Quick Links

Re: bgworker crashed or not?

From:	Robert Haas <robertmhaas(at)gmail(dot)com>
To:	Petr Jelinek <petr(at)2ndquadrant(dot)com>
Cc:	Craig Ringer <craig(at)2ndquadrant(dot)com>, Andres Freund <andres(at)2ndquadrant(dot)com>, Tom Lane <tgl(at)sss(dot)pgh(dot)pa(dot)us>, Antonin Houska <antonin(dot)houska(at)gmail(dot)com>, "pgsql-hackers(at)postgresql(dot)org" <pgsql-hackers(at)postgresql(dot)org>, Abhijit Menon-Sen <ams(at)2ndquadrant(dot)com>
Subject:	Re: bgworker crashed or not?
Date:	2014-05-06 17:05:22
Message-ID:	CA+TgmoZyW_xVDyew0pNVTe43VbNhPMp2kGi+kcw+f7fM-GXy7w@mail.gmail.com
Views:	Whole Thread \| Raw Message \| Download mbox \| Resend email
Thread:
Lists:	pgsql-hackers

On Sun, May 4, 2014 at 9:57 AM, Petr Jelinek <petr(at)2ndquadrant(dot)com> wrote:
> On 30/04/14 23:35, Robert Haas wrote:
>> On Mon, Apr 28, 2014 at 4:19 PM, Petr Jelinek <petr(at)2ndquadrant(dot)com>
>> wrote:
>>> On 28/04/14 16:27, Robert Haas wrote:
>>>> It seems we have consensus on what to do about this, but what we
>>>> haven't got is a patch.
>>>
>>>
>>> If you mean the consensus that exit status 0 should mean permanent stop
>>> then
>>> I think the patch can be as simple as attached.
>>
>> Hmm. Well, at the very least, you need to update the comment.
>
> Obviously, also docs, the above was just demonstration that the patch is
> simple (and also all I could manage to write and test on the way from
> airport to hotel).
>
> The attached patch is more proper.

Hmm, I see some problems here. The current comment for
bgworker_quickdie() says that we do exit(0) there rather than exit(2)
to avoid having the postmaster delay restart based on
bgw_restart_time, but with the proposed change in the meaning of
exit(2), that would have the effect of unregistering the worker, which
I guess is why you've changed it to call exit(2) instead, but then the
bgw_restart_delay applies, which I think we do not want. To make
matters more confusing, the existing comment is actually only correct
for non-shmem-connected workers - shmem-connected workers will treat
an exit status of anything other than 0 or 1 in exactly the same
fashion as a failure to disengage the deadman switch.
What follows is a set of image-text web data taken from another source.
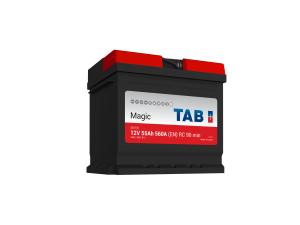 TAB MAGIC 55510 SMF M55H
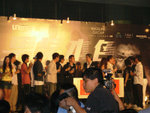 DSCN4705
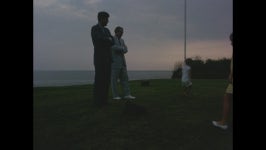 1960s: John F. Kennedy Watches 스톡 동영상 비디오(100% 로열티 프리) 1072114169 | Shutterstock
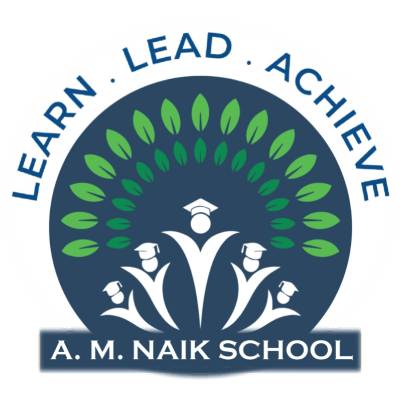 AM Naik School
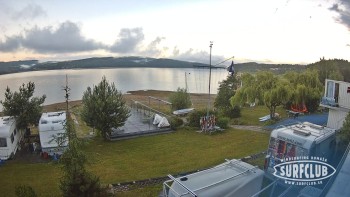 Veľká Domaša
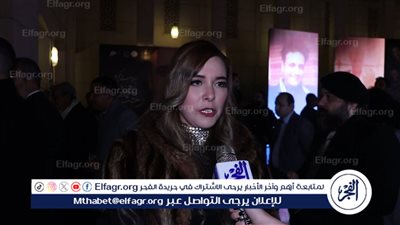 أنوسة كوتة: يوجد تعاون بين محمد رحيم وبين إليسا ومحمد حماقي وسيخرج فى الفترة المقبلة للنور (خاص) 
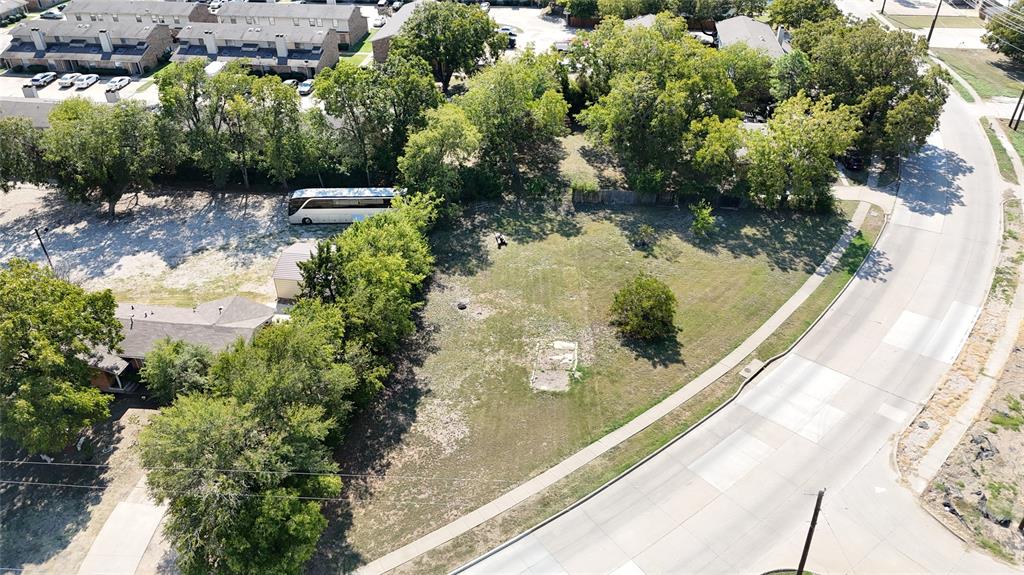 4405 Rosehill Road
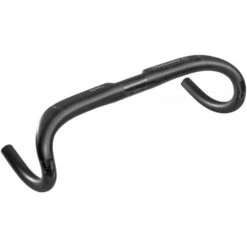 Deda RHM Superzero (Carbon) Handlebars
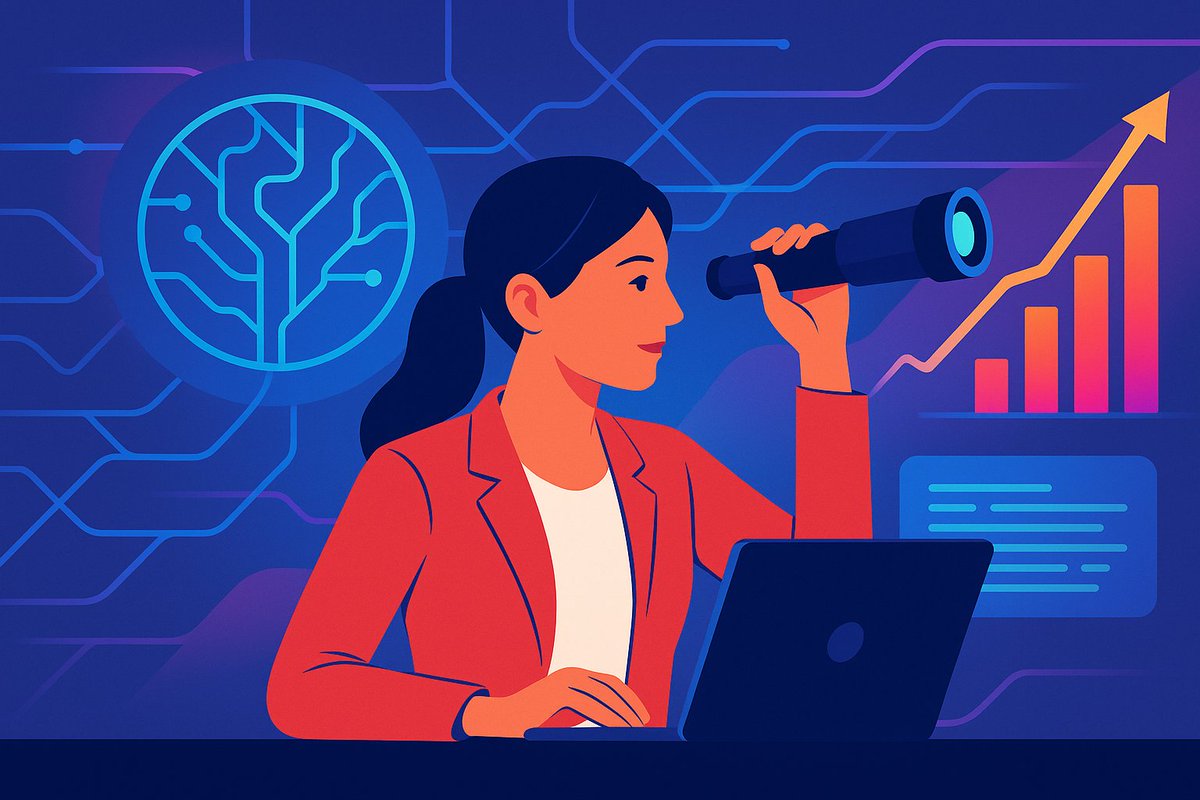 Business Analyst Grp tweet media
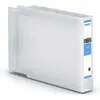 Image de Epson C13T04B240 Inktcartridge Cyaan Hoge capaciteit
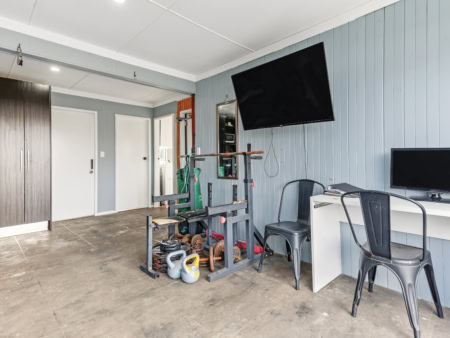 Alexander Real Estate | Te Puke - 29 Ben Keys Street - Te Puke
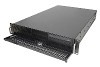 Product ImageHPS-621U2A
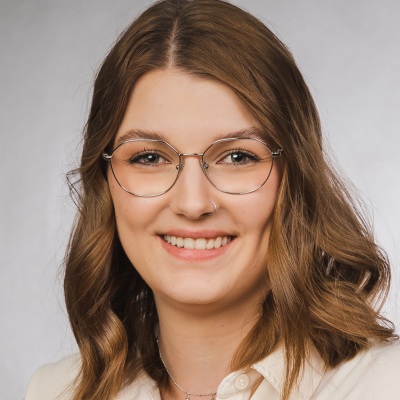 Laura_Elschen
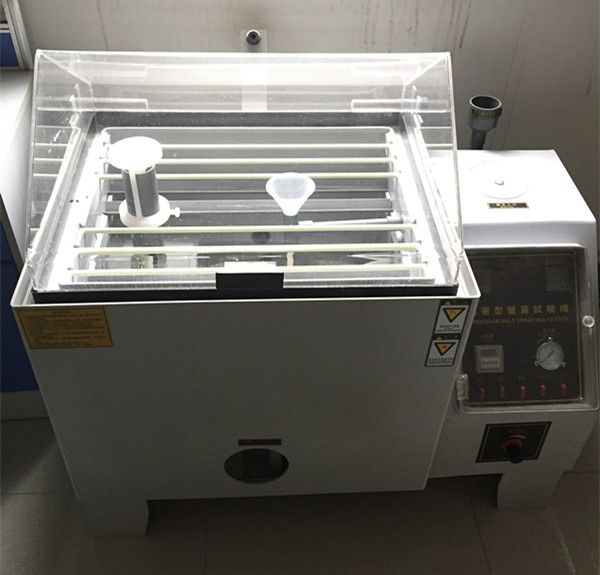 00400 High Pressure Hydraulic Hose Fittings Ferrules For SAE 100 R12 / 4SP / 4SH | PASSIONHOSE 10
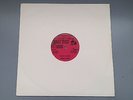 GEORGE NOOKS - ONE TIE BAD BOY 12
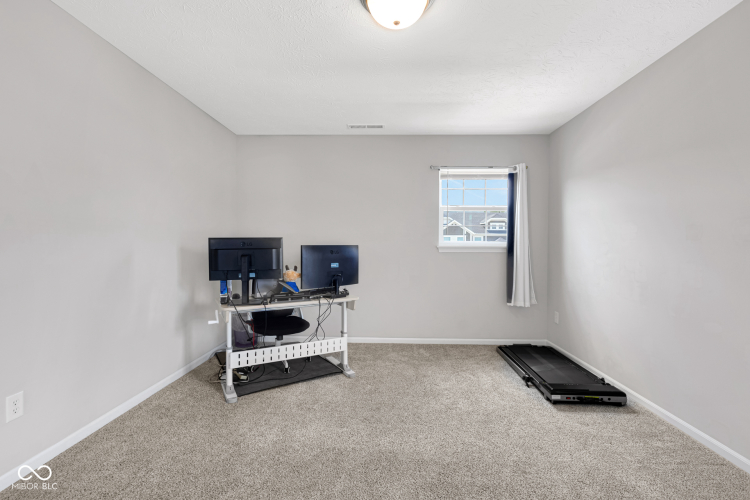 Listing Image 53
Which brings up another point: the behavior of non-shmem-connected
workers is totally bizarre. An exit status other than 0 or 1 is not
treated as a crash requiring a restart, but failure to disengage the
deadman switch is still treated as a crash requiring a restart. Why?
If the workers are not shmem-connected, then no crash requires a
system-wide restart. Of course, there's the tiny problem that we
aren't actually unmapping shared memory from supposedly non-shmem
connected workers, which is a different bug, but ignoring that for the
moment there's no reason for this logic to be like this.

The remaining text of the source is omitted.